The company had a central R&D department, but there were also people working on innovation in the various plants across Europe. The people in the plants were closest to the customer and were working mainly on applications, whereas those in the central R&D department were doing ‘blue-sky’ development.

APPROACH

 
We began by working together with the client’s European business team, the R&D hub and a representation of process engineers from the various plants throughout Europe to analyse the “as is” situation. Three main issues were identified:

  1. The customer release process was problematic because samples did not meet customer requirements, and this had created the perception of the company being an unreliable supplier for its customers.
  2. The increased number of additives being used was creating in-house manufacturability issues and additional complexity both in the plants and in the supply chain.
  3. Instability in the innovation/R&D portfolio contributed to an increasing time-to-market.

However, the definition and management of product platforms was strong, as was the skills level

throughout the innovation/R&D organisation. Therefore, there were some solid elements we could build on.

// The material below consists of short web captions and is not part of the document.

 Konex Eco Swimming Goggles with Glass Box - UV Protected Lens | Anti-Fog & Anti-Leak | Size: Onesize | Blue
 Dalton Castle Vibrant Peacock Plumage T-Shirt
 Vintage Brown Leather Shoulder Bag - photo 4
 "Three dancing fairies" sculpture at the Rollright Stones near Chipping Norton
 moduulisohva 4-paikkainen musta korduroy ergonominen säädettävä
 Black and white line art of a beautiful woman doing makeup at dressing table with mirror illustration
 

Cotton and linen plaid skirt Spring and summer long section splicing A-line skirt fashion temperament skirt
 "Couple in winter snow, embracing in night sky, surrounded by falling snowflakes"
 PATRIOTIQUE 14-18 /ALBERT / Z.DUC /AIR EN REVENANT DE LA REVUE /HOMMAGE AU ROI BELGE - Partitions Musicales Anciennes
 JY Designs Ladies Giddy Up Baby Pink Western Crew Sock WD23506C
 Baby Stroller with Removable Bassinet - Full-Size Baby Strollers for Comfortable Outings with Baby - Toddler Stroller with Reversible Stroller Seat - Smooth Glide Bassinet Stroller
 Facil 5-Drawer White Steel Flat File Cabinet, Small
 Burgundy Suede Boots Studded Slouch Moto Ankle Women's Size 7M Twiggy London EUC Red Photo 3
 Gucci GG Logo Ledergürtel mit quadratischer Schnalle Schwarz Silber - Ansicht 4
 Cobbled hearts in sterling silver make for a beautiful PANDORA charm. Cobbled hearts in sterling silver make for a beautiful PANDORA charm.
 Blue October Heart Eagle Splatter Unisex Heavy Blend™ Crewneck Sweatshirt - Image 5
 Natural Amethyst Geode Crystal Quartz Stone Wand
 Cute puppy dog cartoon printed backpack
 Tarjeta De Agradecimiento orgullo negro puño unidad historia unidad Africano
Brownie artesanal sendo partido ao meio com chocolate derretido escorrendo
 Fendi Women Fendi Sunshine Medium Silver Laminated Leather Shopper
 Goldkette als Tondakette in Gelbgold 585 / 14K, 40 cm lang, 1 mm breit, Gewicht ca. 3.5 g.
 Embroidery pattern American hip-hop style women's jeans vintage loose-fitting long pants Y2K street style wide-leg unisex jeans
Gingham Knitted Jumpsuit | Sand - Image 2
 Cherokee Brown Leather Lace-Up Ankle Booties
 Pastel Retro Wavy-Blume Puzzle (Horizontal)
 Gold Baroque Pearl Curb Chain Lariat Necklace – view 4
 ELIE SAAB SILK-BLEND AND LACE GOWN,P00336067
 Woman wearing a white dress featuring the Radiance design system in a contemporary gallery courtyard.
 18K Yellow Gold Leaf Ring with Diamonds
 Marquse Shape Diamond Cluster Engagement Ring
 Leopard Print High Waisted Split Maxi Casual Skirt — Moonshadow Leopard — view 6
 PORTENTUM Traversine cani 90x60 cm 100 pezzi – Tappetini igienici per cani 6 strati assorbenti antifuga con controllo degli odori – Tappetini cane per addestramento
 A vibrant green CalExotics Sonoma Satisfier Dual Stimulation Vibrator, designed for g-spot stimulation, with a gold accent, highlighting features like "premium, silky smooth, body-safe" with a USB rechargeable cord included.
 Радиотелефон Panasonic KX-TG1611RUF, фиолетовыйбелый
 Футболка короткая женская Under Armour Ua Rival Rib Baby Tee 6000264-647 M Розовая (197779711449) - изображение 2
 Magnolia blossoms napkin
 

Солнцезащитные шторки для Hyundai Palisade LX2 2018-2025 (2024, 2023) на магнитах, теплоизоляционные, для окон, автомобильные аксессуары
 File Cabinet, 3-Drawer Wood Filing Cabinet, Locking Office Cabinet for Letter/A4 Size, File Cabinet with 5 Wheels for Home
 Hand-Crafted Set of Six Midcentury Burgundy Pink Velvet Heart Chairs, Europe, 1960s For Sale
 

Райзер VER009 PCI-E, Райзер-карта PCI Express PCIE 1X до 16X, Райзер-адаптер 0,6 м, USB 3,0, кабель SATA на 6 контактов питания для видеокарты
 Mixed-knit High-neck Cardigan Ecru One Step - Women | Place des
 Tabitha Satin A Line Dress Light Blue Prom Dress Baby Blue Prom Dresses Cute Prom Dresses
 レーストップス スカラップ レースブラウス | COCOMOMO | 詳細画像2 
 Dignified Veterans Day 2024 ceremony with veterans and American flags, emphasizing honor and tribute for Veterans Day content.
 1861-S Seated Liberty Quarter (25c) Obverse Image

We worked as a joint team with the European business team, the R&D hub and process engineers from the plants to identify the root causes of problems, establish key levers to turn the situation around, and set clear and challenging targets. We set up a project governance structure, including a review team, a project team and various workstream teams, and established milestone deliverables. We used a combination of “waterfall” and “agile” project approaches to get things done. We selected nine pilot projects to introduce the new ways of working and deliver actual results.

THE IMPLEMENTATION

 
Performance improvement programmes must carefully balance human and technical aspects if they are to deliver significant, sustainable results. A critical aspect for sustainability is the development of a deep local ownership of the solutions to the problems. Therefore, we approached the challenge by ensuring the solutions were developed by a process of co-creation right from the start.

We worked on three workstreams in parallel:

  1. Integrated strategic and operational planning

We started to break down organisational silos by bringing people together from the business team, the R&D hub and the plants in a series of workshops to craft an integrated strategic and operational planning process and to create a management and reporting structure. This meant that when technology and product roadmaps were generated they were better aligned with the market requirements and timelines. This prevented the development of applications and platforms becoming intertwined.

  1. Transparent portfolio management

We achieved greater transparency and alignment through broadening the employees’ skill base and developing the use of existing IT tools. This meant that employees were better able to deal with uncertainty and to understand investment alternatives when “go–no go” decisions were being taken at stage gates along the innovation process. The development of effective behaviours in the project teams and around these tollgates was paramount throughout the implementation.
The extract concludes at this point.